The Script have just such a chorus, and they know it: so much so that it has been crammed, with minor trims and fiddles, into almost every song on their second album. It's their secret weapon, a chugging, stately thing which is designed to be equally at home in a stadium sing-along or as the soundtrack to an emotional montage in a TV drama.

What they do is set up a four (or sometimes three) chord trick, where the piano and bass play an urgent four-beats-to-the-bar and Danny O'Donoghue urgently crams a ton of words into a short melodic fragment, which he repeats a lot. He gets to rant and hoot, and they get to strike a few epic rock poses. Everyone's a winner.

You can tell he loves his hip hop as much as his Keane and U2 - although let's not get carried away, it's Keane that win, by a mile - and his sandpaper croon carries a lot of emotional force, particularly on lovelorn snuggles like For the First Time and Nothing.
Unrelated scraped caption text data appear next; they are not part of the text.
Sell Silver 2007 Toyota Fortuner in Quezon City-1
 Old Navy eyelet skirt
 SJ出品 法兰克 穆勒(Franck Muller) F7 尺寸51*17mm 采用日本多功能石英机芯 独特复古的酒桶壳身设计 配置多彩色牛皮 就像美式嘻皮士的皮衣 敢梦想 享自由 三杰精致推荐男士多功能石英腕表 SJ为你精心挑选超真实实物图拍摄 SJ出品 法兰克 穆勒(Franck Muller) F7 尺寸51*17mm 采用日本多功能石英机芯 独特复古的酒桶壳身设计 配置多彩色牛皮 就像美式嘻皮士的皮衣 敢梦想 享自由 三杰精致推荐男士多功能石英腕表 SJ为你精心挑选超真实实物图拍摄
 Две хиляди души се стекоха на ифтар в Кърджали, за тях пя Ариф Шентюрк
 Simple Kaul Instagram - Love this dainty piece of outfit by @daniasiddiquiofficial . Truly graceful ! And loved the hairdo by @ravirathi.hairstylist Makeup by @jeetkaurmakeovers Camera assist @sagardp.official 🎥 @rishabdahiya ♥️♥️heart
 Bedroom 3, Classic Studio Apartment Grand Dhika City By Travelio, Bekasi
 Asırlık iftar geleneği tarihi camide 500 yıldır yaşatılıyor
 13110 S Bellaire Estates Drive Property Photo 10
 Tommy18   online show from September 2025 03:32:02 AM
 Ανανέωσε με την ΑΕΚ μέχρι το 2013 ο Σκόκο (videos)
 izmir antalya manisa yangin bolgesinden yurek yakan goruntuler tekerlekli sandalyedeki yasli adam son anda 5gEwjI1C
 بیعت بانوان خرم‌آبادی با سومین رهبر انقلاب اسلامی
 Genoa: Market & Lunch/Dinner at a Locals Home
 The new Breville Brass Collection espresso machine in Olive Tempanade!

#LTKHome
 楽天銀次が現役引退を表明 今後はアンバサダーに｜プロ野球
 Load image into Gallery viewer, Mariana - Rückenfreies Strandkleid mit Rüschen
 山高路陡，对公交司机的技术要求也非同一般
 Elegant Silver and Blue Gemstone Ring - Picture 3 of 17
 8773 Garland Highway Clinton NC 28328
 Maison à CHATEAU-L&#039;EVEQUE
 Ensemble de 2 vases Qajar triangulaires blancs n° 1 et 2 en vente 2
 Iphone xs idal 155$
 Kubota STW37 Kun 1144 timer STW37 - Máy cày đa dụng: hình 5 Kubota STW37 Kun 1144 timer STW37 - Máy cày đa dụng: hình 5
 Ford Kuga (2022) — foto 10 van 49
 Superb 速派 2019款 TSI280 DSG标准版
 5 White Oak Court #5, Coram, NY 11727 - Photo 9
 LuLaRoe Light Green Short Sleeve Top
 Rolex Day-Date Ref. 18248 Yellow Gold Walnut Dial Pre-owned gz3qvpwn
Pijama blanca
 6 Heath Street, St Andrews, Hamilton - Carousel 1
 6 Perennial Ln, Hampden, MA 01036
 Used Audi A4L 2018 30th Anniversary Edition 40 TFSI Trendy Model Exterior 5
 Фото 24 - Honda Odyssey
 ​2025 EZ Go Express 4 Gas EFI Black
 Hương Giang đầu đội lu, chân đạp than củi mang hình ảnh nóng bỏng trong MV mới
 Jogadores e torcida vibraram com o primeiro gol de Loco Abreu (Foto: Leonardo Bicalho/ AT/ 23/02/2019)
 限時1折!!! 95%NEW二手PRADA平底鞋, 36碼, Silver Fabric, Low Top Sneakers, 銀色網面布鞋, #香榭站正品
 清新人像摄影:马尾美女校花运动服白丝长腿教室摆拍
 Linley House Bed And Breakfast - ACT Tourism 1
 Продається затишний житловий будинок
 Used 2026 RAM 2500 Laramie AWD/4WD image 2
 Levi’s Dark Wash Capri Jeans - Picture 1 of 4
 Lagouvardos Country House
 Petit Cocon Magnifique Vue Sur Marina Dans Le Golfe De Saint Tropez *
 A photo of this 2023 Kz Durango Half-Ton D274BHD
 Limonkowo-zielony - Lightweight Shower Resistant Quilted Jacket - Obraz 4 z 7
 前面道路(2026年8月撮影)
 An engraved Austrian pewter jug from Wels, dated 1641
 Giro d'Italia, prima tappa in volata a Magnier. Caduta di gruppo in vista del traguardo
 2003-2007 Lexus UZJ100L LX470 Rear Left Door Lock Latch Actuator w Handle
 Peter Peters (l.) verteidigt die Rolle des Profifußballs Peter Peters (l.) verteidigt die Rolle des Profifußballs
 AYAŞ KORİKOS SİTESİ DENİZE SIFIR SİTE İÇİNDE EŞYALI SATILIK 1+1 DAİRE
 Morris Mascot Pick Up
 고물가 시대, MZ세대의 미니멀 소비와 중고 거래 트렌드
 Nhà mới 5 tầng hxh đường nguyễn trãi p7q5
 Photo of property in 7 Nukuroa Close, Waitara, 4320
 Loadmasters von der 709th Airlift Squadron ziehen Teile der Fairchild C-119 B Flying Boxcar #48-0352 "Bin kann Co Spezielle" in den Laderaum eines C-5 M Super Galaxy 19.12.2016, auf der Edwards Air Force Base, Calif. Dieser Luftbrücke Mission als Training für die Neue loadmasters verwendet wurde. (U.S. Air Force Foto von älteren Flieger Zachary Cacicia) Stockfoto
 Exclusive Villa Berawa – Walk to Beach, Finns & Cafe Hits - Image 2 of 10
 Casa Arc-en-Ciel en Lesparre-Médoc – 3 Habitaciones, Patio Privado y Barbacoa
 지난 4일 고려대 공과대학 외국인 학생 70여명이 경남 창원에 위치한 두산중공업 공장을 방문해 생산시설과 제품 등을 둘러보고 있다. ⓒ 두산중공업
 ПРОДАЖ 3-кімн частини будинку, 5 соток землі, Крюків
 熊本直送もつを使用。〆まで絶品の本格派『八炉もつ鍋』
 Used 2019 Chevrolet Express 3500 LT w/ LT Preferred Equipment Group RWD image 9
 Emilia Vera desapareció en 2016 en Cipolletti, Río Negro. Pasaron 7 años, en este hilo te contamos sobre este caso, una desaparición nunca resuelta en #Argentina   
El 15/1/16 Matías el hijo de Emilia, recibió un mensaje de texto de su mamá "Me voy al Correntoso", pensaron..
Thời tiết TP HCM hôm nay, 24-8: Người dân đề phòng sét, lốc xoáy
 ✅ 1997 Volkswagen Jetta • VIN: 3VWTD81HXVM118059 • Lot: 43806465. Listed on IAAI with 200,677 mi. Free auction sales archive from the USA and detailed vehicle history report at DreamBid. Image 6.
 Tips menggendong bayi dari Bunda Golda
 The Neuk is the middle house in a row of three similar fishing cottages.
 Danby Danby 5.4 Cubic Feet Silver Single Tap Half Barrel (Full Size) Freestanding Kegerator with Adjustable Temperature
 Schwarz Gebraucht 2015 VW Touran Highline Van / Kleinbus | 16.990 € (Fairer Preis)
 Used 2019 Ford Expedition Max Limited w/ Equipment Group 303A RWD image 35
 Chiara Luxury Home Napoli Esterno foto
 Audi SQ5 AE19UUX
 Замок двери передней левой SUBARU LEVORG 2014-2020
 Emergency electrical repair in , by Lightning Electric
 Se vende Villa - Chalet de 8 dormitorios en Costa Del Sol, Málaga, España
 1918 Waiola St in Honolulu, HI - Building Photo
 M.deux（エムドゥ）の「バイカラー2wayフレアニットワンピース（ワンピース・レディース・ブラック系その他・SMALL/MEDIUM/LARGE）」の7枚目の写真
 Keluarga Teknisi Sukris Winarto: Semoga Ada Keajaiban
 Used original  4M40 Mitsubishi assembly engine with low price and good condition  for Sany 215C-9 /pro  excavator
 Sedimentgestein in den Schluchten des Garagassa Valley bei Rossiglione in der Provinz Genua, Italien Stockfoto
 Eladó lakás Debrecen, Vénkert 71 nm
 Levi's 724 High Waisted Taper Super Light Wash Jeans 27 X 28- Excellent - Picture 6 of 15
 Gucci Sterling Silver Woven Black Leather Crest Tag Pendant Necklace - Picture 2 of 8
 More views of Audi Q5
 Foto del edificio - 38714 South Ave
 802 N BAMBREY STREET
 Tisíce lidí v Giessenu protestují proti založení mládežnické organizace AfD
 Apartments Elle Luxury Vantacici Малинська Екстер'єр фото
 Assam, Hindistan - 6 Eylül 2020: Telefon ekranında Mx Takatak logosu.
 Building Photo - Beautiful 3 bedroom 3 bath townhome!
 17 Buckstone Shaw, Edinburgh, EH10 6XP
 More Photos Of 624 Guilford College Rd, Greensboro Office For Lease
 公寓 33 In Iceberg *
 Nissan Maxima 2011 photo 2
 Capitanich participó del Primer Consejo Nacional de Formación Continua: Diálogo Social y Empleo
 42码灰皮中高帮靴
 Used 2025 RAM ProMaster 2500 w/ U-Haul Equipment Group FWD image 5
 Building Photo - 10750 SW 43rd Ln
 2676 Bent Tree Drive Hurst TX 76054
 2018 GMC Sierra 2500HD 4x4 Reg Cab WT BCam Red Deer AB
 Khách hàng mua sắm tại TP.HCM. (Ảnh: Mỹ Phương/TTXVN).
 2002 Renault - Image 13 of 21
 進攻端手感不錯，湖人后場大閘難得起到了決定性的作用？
The downside of relying on this one good idea quite so much - apart from the rising suspicion that you're stuck in a musical mirror-maze - is that songs which are not blessed with The Chorus seem to be half-finished. Walk Away, for example, is a moodier beast than everything else on offer, being closer to Eminem's self-piteous darkness than Coldplay's sunny optimism. But after a heap of consecutive Big Chorus songs, it's hard to escape the feeling that something has been mislaid.

Luckily, it's not a problem anyone has to put up with for very long.